Exercise details — Scan the data for lines with "from" and report the count by itself.

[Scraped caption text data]
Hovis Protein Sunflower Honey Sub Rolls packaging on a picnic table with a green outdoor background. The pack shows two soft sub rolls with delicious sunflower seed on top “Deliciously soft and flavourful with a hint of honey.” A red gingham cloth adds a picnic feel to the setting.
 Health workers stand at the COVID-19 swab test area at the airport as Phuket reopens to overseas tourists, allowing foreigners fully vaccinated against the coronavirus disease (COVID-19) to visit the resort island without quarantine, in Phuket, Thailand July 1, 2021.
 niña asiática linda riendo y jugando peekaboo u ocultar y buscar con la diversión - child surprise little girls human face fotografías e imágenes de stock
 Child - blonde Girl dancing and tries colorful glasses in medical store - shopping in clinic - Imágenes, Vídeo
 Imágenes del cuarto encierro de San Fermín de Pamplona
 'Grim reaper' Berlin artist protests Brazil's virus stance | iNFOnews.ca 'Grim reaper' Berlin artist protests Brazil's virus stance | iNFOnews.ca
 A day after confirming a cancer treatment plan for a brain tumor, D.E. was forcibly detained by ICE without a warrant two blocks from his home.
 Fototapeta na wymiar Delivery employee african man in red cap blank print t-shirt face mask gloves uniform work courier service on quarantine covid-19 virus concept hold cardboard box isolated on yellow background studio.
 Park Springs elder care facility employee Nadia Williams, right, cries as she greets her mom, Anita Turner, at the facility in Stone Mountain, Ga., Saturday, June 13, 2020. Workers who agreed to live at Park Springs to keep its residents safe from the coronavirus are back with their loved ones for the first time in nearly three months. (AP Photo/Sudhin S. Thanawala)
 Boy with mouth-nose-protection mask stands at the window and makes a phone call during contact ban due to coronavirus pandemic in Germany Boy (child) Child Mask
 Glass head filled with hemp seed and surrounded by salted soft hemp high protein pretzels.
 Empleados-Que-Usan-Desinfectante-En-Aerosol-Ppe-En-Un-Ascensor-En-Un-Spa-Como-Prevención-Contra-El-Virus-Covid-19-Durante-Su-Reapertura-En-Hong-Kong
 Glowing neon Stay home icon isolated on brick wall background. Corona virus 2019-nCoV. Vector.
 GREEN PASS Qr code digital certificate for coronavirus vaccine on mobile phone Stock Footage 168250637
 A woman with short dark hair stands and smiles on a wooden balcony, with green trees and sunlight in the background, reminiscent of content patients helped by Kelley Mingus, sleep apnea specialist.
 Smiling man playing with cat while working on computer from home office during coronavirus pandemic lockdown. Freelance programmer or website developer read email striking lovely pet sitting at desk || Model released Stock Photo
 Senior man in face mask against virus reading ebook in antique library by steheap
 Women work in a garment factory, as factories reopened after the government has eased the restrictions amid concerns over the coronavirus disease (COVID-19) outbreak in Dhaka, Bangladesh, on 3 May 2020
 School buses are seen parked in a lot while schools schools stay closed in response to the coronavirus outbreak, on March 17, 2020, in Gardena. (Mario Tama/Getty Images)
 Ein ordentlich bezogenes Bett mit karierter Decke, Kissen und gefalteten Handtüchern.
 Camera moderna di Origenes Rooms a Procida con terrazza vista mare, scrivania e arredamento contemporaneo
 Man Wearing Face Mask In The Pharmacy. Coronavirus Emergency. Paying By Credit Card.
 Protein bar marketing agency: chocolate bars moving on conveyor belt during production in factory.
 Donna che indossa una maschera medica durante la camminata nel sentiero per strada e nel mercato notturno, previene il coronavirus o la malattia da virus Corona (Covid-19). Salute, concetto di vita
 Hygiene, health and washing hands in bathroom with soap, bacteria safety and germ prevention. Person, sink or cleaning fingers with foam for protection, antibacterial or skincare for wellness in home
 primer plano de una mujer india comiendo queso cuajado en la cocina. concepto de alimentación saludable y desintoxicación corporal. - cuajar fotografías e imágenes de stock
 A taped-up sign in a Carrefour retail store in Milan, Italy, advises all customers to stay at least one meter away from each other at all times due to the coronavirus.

Reply — 4